Our Swim Coordiator and experienced Swim Teacher Gavin Doran takes a look at how we can improve our Front Crawl technique with a little bit of research..
Frontcrawl can be a complex and confusing stroke but when done correctly it appears effortless. The real challenge of the stroke doesn’t actually lie with any particular physical movement or skill, it comes from the intricate coordination of all these movements into a structured and efficient pattern.
How you think about the stroke has a massive impact on how you perform it. An example of this is a swimmer who has repeatedly had the reinforcement of a message such as “kick harder” drilled into them over many years and countless lengths. This has become the foundational basis of their stroke. They are naturally going to rely heavily on their legs while swimming and this intense focus reverberates around the whole stroke and impacts every area imaginable.
So the question for us becomes “How should we look to build the foundation for our stroke?” and for the answers to this question the best place to turn is always the data that the top researchers in the field have compiled.
Arms vs Legs?
You would probably imagine that a good stroke is relatively balanced between the arms and the legs right? Well the data here is actually really interesting and shows that on average the legs only account for 8-10% of the propulsion of top swimmers. 8-10%!! That’s a seismic shift in terms of the conventional wisdom of Frontcrawl.
I was floored when I first read that and saw those astronomical numbers for arm-lead propulsion. I wanted to search deeper and see was there any other data points that either supported or contradicted this statistic which I was sure was on outlier. Along that journey I found two more statistics that can help revolutionise the way we envisage Frontcrawl, we are going to look at them in a bit more detail.
Propulsion & Balance
The first of these was the relative inversely proportional relationship between propulsion and balance. This showed that while the legs didn’t do much in the way of propulsion they and the torso contributed up to 90% of the swimmers balance. This becomes critical to how we view the role of the legs in swimming.

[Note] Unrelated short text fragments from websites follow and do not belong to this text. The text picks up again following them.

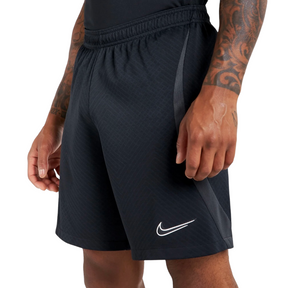 NIKE STRIKE 22 SHORTS - BLACK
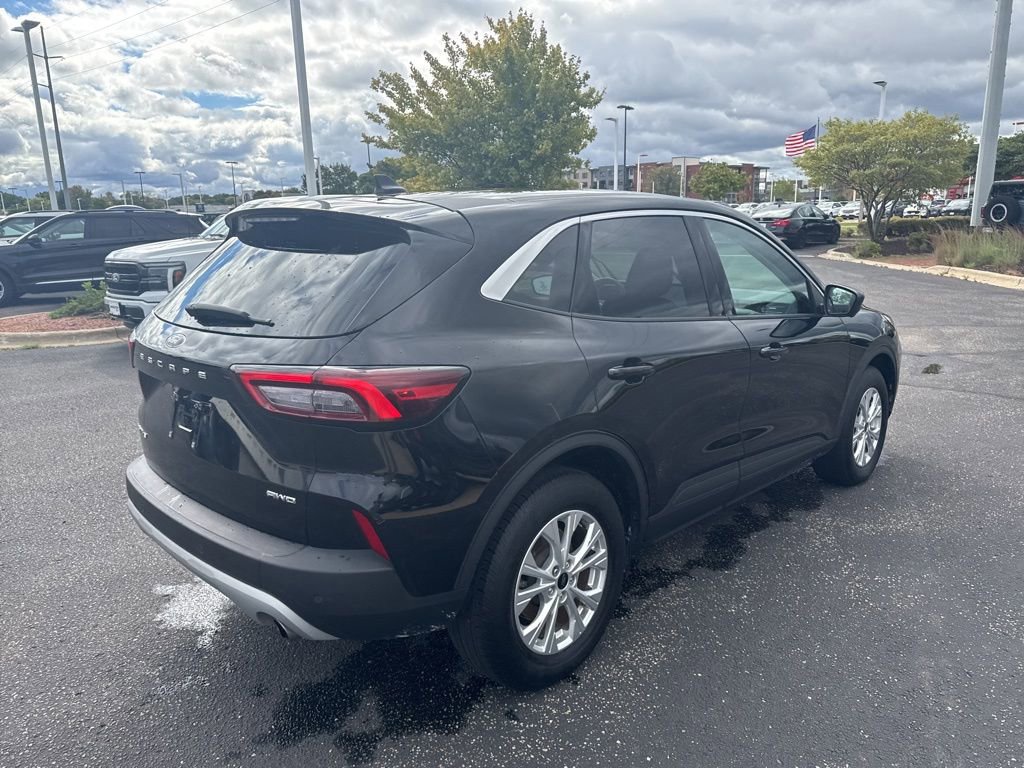 Certified 2023 Ford Escape Active w/ Tech Pack #2 image 9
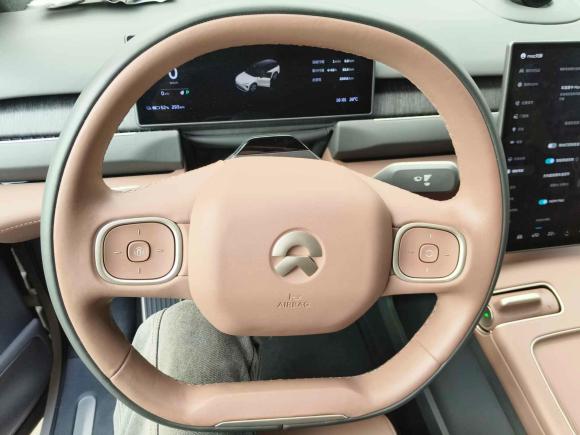 [深圳·粤B] 二手蔚来蔚来ES82023款 100kWh 行政版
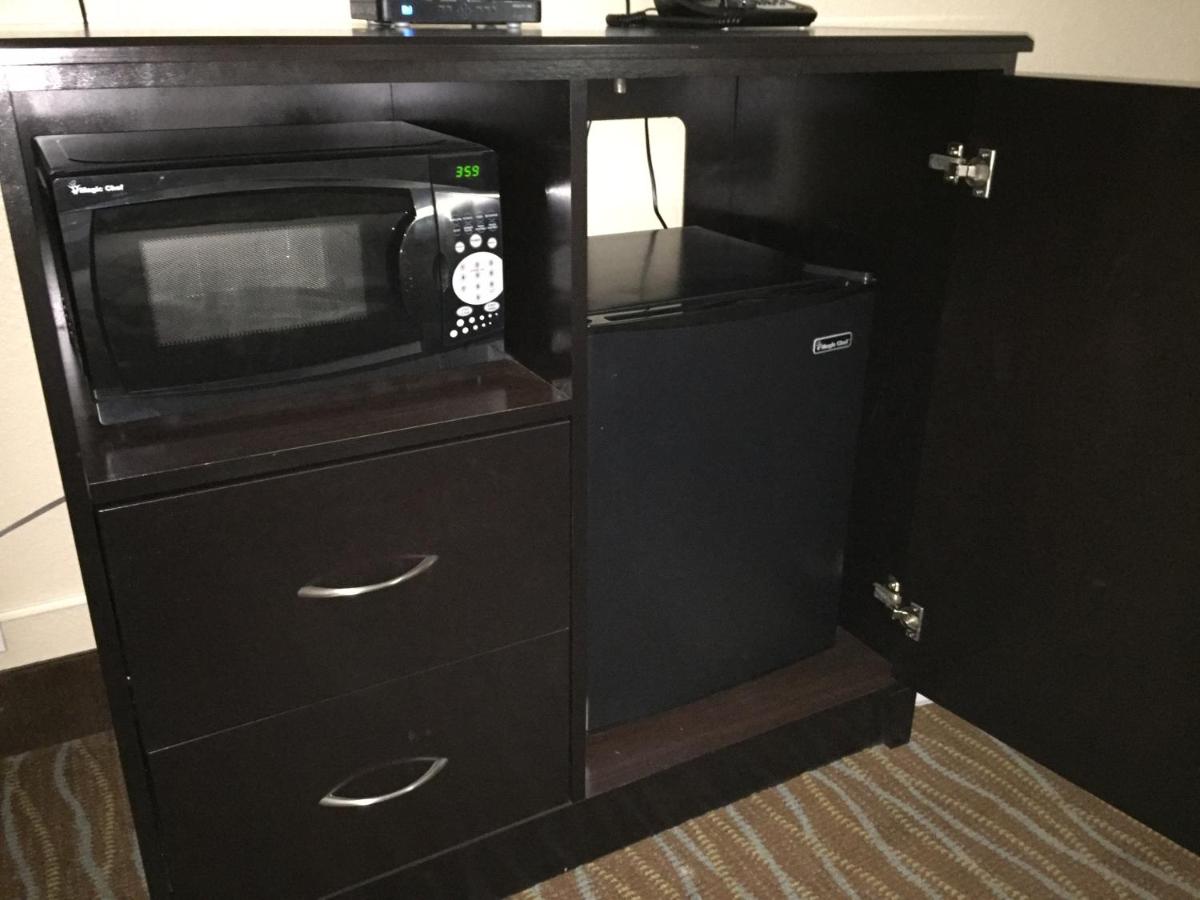 Queen Suite with Two Queen Beds - Non-Smoking at Cascades Mountain Resort, Ascend Hotel Collection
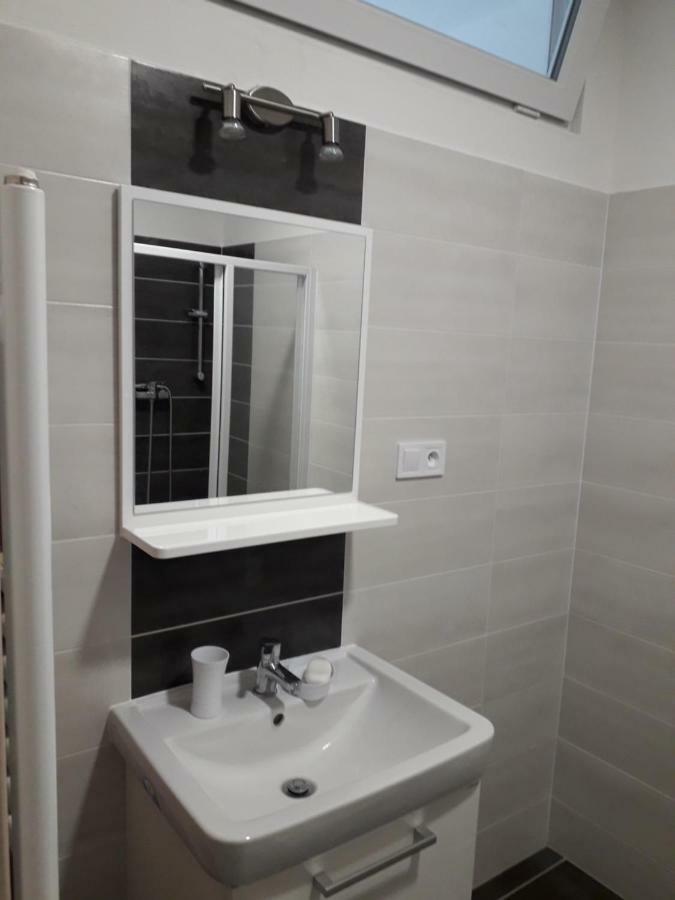 Apartman Edita - Byt S Terasou A Parkovacim Stanim, Topolova, Olomouc Apartment Exterior photo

The second was the relative oxygen consumption rates between the arms and legs at equal thresholds, which essentially means how much oxygen they both burn when working at the same rate. The legs were found to burn upwards of 4x as much oxygen as the arms! Not only do they not give us much propulsion when we kick them harder but they burn up our most vital resource at an exponential rate.
Ok, so now that we are armed with some game changing data points, how can we put these into practice? The most important step is to recognise what the data is showing us in its simplest terms. That is that the arms are primarily responsible for propulsion and the torso and legs are primarily responsible for balance in the water.
This fundamentally changes how we view the construction of the stroke. We need to focus on the effectiveness and efficiency of our underwater arm pull as the technical area of chief importance. Combining this with supremely effective rotation based from the hips and we have a winning formula.
The area most people tend to struggle with is the breathing and for good reason, it’s a tough skill to master! However now as we look at it through a new lens we can achieve our goals by utilising an alternative strategy. The goal when breathing is to disrupt the stroke minimally, that’s why people struggle with it so much. They tend to have a smooth stroke when their face is in the water and then everything stops to get their heads up.
If you work on body rotation from the hips in each stroke what you will find is that you are naturally putting yourself in a position to breathe. When the hips and shoulders rotate to lengthen out your stroke all you have to do is let your head stay in line with the shoulders and you should find it breaking the surface of the water and allowing you to take in that vital oxygen.
The Bottom Line:
This is a lot of information to take on but the bottom line is clear. Focus on your arms to move you in the water, not your legs. Work on your rotation in the water to breathe, not lifting. Rotation will also allow you to pull stronger and faster, length out your stroke and help with overall stroke balance.
Swimming is hard. Make it as easy as possible for yourself to maximise your results and reap the benefits of swimming.